A: Interesting. Normally when I've created exhibitions during my career, I have a little ritual where I say goodbye. Once it's open to the public, it's no longer my show.
In this case, I realized it was going to always have a connection to me.
When I walk through the galleries and see the story of slavery, I suddenly learn more about my own enslaved ancestors. When I walk through the story of segregation or the migrations of African-Americans from the South to the North, I see my family in ways I didn't expect.
So the museum has become even a more personal journey than I would have anticipated.
When I think about the collections, there is so much in there that moves me to tears. I think the slave cabin that tells not only the story of slavery but the story of freedom is very, very powerful.
I love something that very few people point out, a playbill featuring Ira Aldridge from England in the 1850s. He was a black actor who had to go to England in order to get Shakespearean roles, and it's the playbill for the first time somebody black played "Othello." That moves me.
[But as for having a favorite display in the museum], if you ask me which one of my kids I love, I love them all.
Q: Do you know details in the trajectory of your grandfather from sharecropper to dentist?
A: I know the whole trajectory. What you do is you start out by realizing you need to get a college education.
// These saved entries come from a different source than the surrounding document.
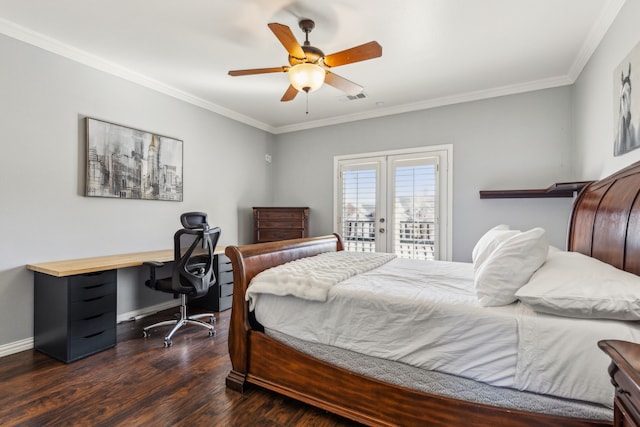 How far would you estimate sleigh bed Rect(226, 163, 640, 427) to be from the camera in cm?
126

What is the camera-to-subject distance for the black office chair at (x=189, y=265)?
2.74m

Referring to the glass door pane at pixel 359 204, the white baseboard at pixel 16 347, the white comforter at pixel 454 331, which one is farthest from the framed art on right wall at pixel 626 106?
the white baseboard at pixel 16 347

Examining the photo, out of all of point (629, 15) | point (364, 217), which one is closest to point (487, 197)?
point (364, 217)

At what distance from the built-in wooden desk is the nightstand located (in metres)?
3.13

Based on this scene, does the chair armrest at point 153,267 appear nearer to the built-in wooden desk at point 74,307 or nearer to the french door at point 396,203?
the built-in wooden desk at point 74,307

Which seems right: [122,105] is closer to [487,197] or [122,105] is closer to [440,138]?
[440,138]

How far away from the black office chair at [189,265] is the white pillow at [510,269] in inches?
89.2

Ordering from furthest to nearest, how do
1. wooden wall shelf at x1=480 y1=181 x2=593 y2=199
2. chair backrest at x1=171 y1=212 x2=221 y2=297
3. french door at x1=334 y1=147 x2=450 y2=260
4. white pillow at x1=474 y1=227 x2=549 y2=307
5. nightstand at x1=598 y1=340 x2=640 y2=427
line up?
french door at x1=334 y1=147 x2=450 y2=260 → wooden wall shelf at x1=480 y1=181 x2=593 y2=199 → chair backrest at x1=171 y1=212 x2=221 y2=297 → white pillow at x1=474 y1=227 x2=549 y2=307 → nightstand at x1=598 y1=340 x2=640 y2=427

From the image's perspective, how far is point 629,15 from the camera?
2064 millimetres

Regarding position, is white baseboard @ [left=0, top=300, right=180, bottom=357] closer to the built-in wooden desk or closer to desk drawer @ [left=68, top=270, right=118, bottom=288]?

He realized he could go to Shaw College at night and get a degree, and it took him 10 years. He started at 18; he graduated at 28 in 1910. …
He didn't have the money [for dental school]. He married, he moved to Atlantic City, and my grandmother did laundry while he pushed what are called "rolling chairs." Basically in Atlantic City, they hired college-educated blacks as early as 1895 to push the white elite on the boardwalk so they could at least have what they called "a coherent conversation."
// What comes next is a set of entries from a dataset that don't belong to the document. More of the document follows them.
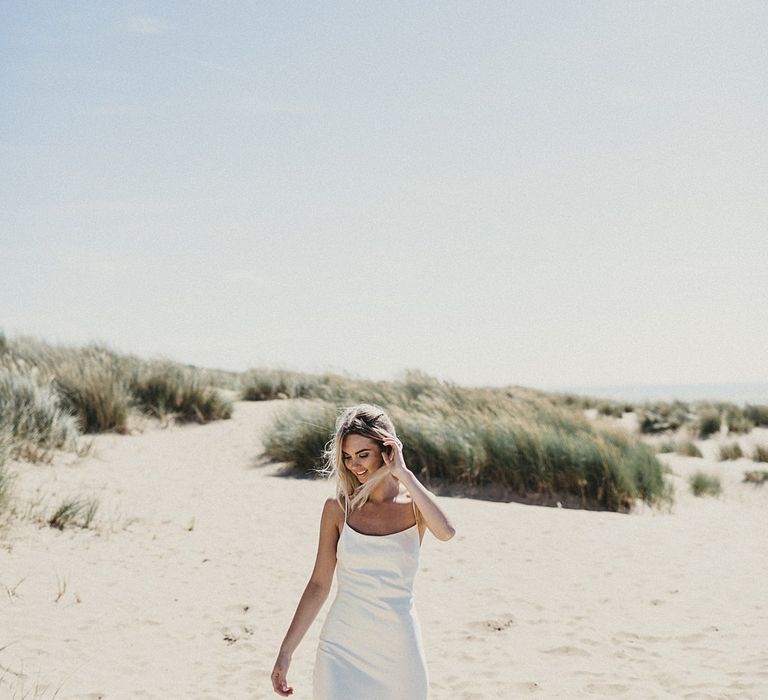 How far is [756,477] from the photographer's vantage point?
14.5 metres

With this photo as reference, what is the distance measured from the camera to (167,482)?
11398 mm

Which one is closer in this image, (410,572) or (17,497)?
(410,572)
He did that and saved his money and then went to Howard [University's] dental school and graduated in 1916.
Q: Is there an artifact you want for the museum that you have not been able to secure?
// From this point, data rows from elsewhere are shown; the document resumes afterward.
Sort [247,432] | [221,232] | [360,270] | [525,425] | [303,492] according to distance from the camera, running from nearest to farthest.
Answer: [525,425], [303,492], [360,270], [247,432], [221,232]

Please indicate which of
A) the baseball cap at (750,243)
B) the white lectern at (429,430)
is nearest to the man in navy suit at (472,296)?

A: Willie Mays' baseball glove.
Q: How many times do you seek it before you stop asking?
A: You never stop asking. You'll get lucky one day.
Q: What is your favorite dish at the museum's Sweet Home Cafe?
A: [Seven-second pause.] Shrimp and grits.
Q: Would your granddad, the first of your family's Lonnies, be surprised by your success or say he fully expected your parents would put you on the path to great things?
A: He was called Doc, and Doc died the day before I turned 5. So I think Doc's expectations of his own family were if he was able to go from a sharecropper to dentist, then you'd better be able to go from where you are to do something important. I don't think he would have been surprised. He would have been pleased. Would Doc have expected me to be a historian? Probably not.
Q: In college I remember a history major who was called a "date bug" because she easily retained historical dates.
A: I was never called a "date bug" but I did love history from the beginning. … It was really about the stories of people. I wanted to understand why people were treated in certain ways. I wanted to understand as a kid whether people led happy lives or not, and that just got me interested in studying the past.